Captioned web images
- Opening Delimiter -
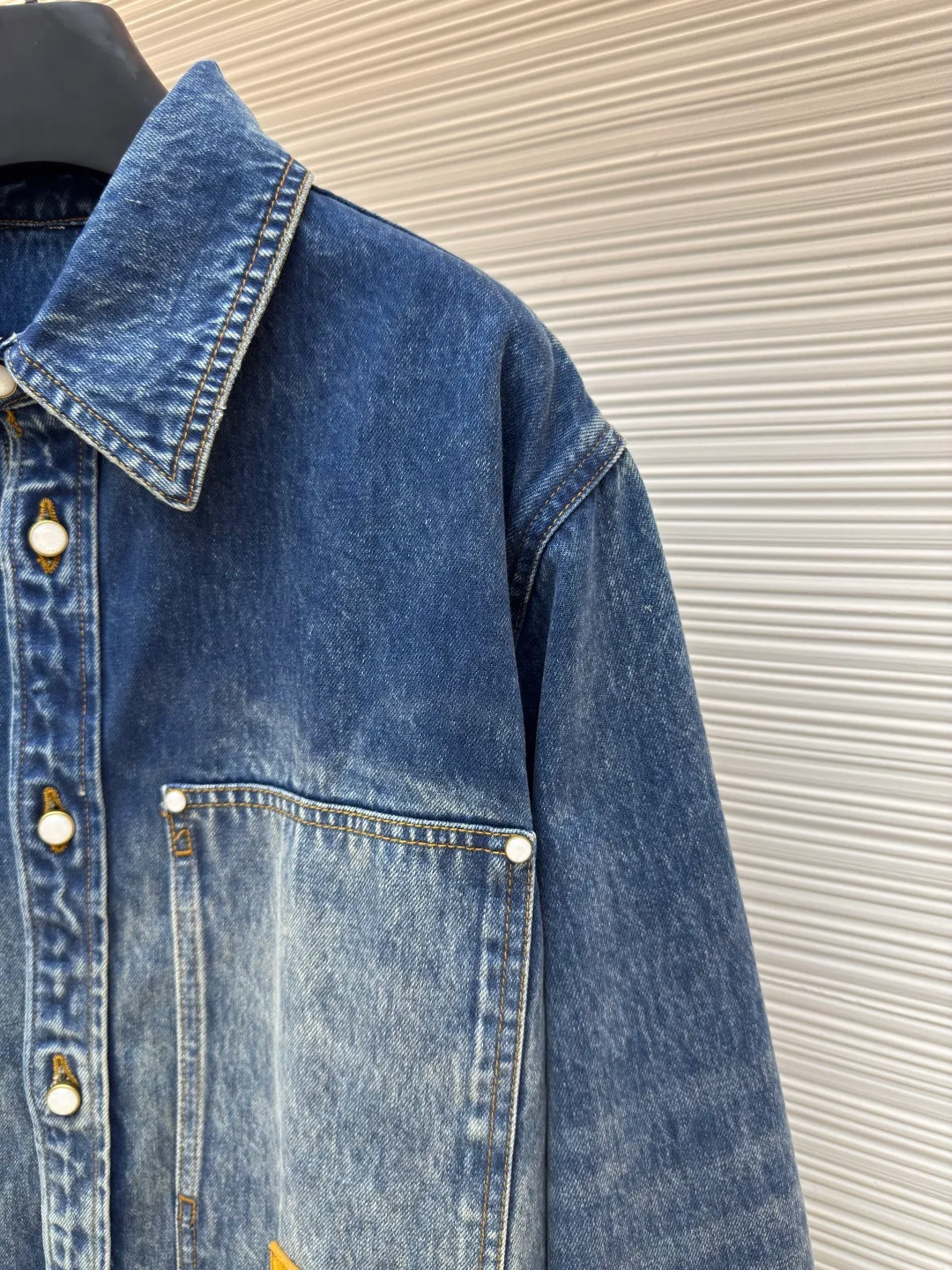 LOUIS VUITTON sun-faded denim jacket ●Authentic product: purchased and developed for 18700 ●Item number: 1680026-B85 ●Material: denim denim ●Technology: sun-faded ●Version: fitted version ●Size: 46-48-50-52 ●Weight: about 1250g ●Description: Classic blue, distressed and faded, full of retro tones, like something out of a 90s fashion magazine. Wear it, casual and comfortable, full of relaxation, and easily create a fashionable atmosphere. The fabric is soft and elastic, allowing you to move freely while wearing it, and it will carry the wind when you walk. The three-dimensional tailoring fits the shape of the legs, hides the flesh and makes the legs straight, and can be controlled by both pear-shaped and rectangular figures. The overall wiring is straight and delicate, the fabric is comfortable and soft, and the color is consistent without color difference. It can be matched with the same style to create a fashionable look and control various occasions. Customized accessories, complete with three standards, same style for men and women!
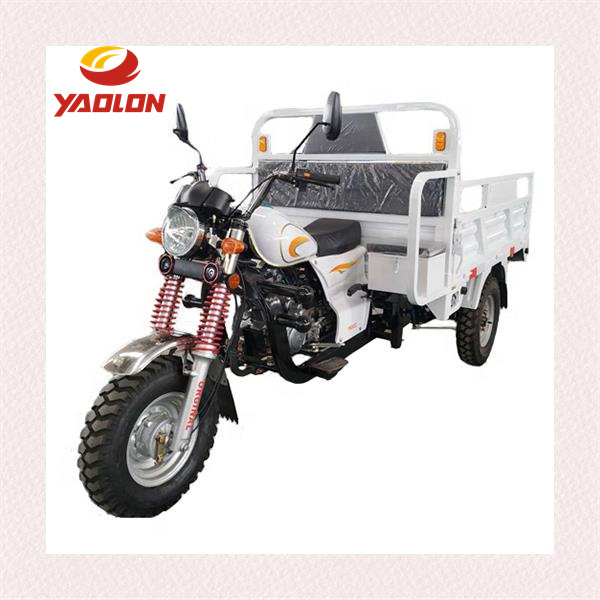 Maneuver through traffic easily with a petrol cargo three wheel motorcycle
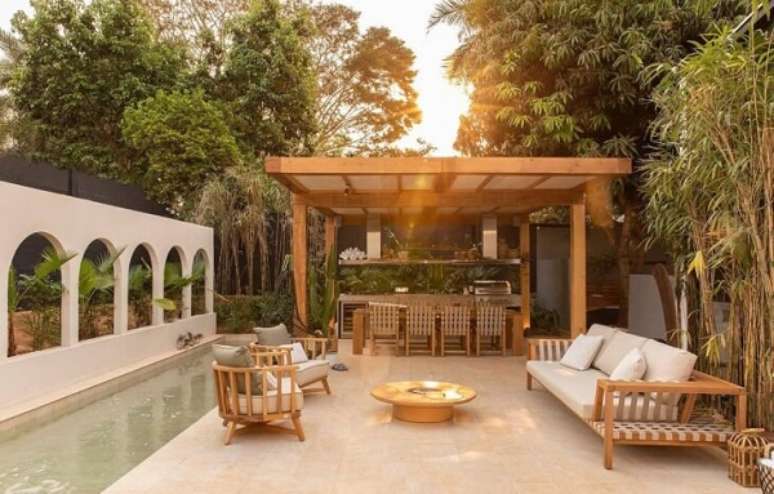 69. Pergolado com piso para deck de piscina &ndash; Foto Casa cor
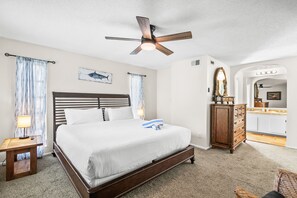 5 soverom, skrivebord, strykejern/-brett og wi-fi (inkludert)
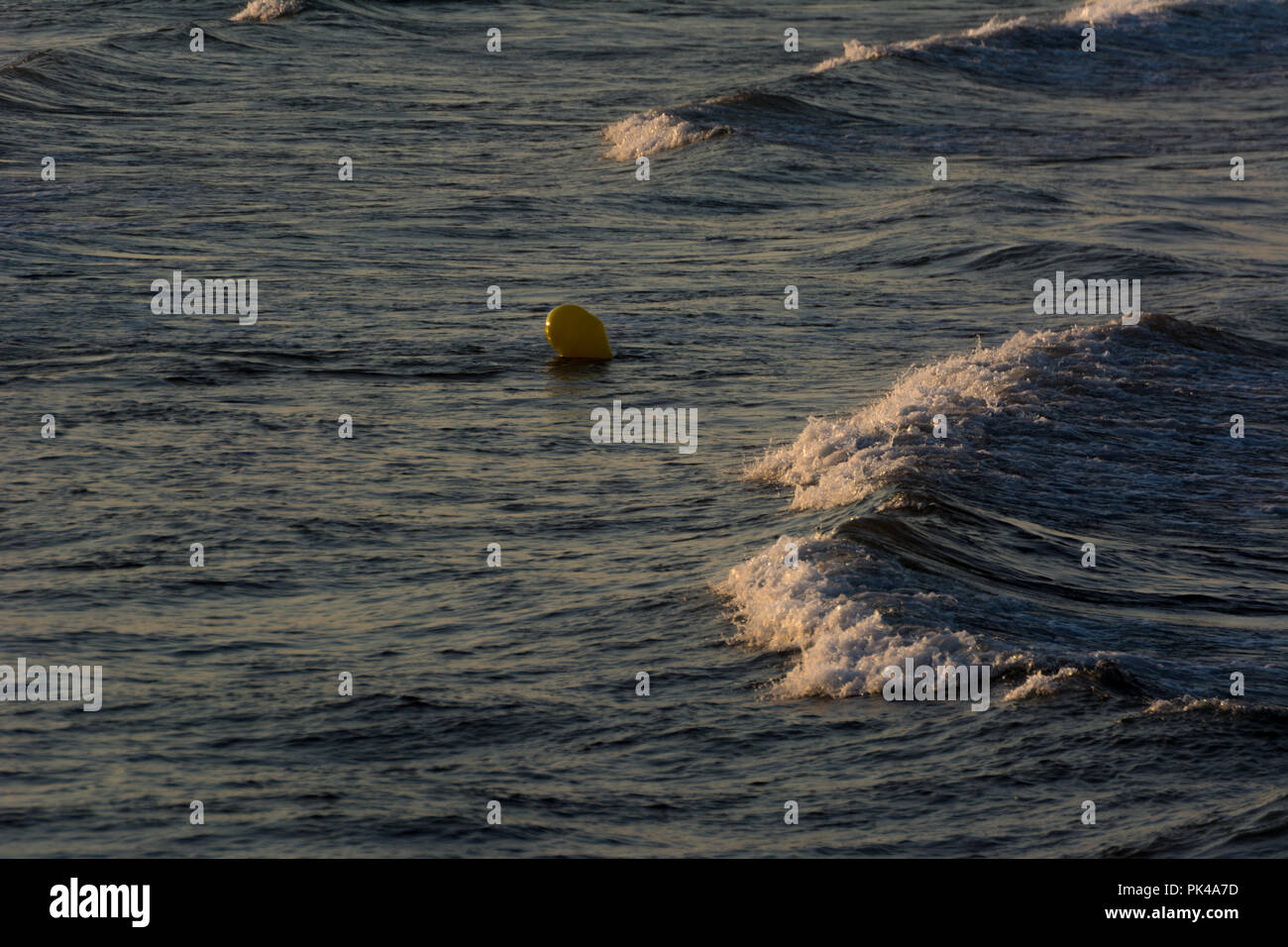 Closeup ocean waves beach hi-res stock photography and images - Alamy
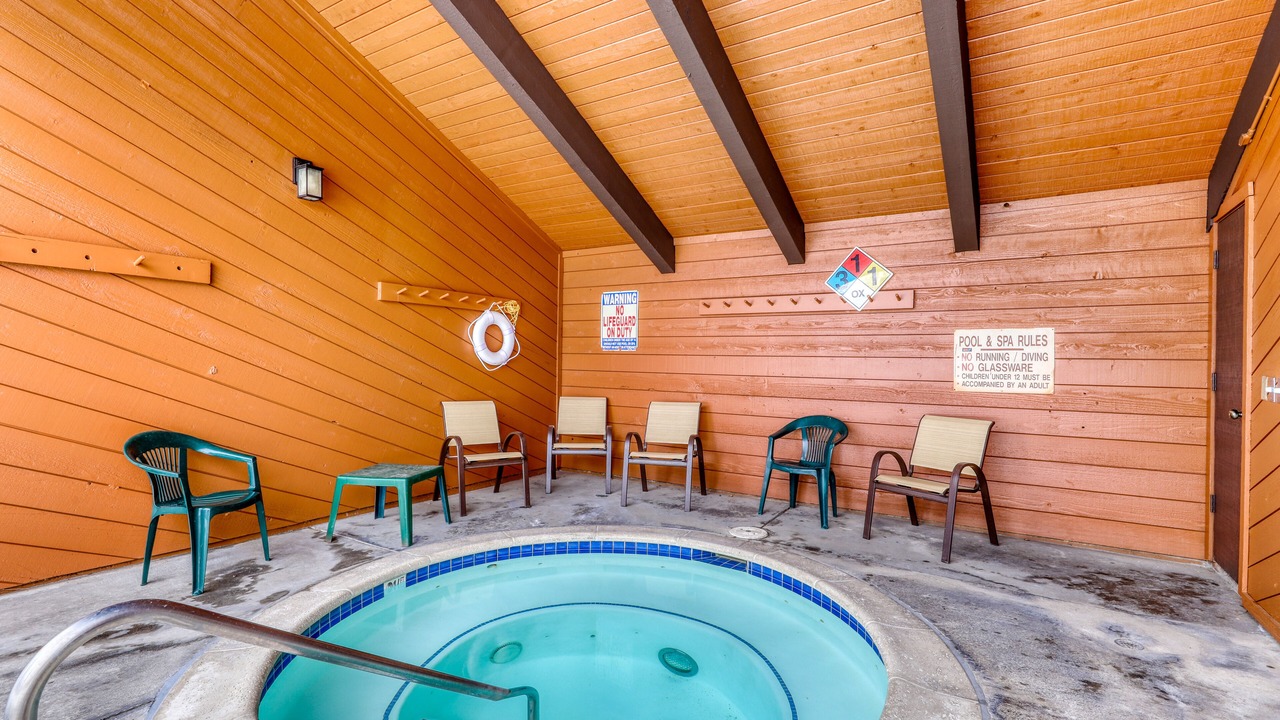 Photo of Outdoor in Mammoth Lakes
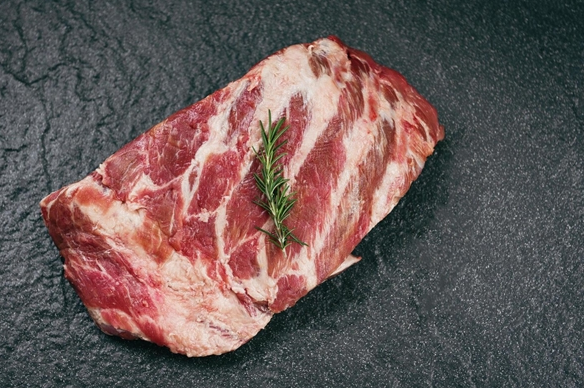 男子吃猪肉刺身30多年确诊脑膜炎 感染猪链球菌高烧不退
- Closing Delimiter -
Directions:
What is needed here is an exact copy of the lines from the line containing "Maneuver through traffic" through the end of the records, with every picture left out.

Result of this task:
 Maneuver through traffic easily with a petrol cargo three wheel motorcycle
 69. Pergolado com piso para deck de piscina &ndash; Foto Casa cor
 5 soverom, skrivebord, strykejern/-brett og wi-fi (inkludert)
 Closeup ocean waves beach hi-res stock photography and images - Alamy
 Photo of Outdoor in Mammoth Lakes
 男子吃猪肉刺身30多年确诊脑膜炎 感染猪链球菌高烧不退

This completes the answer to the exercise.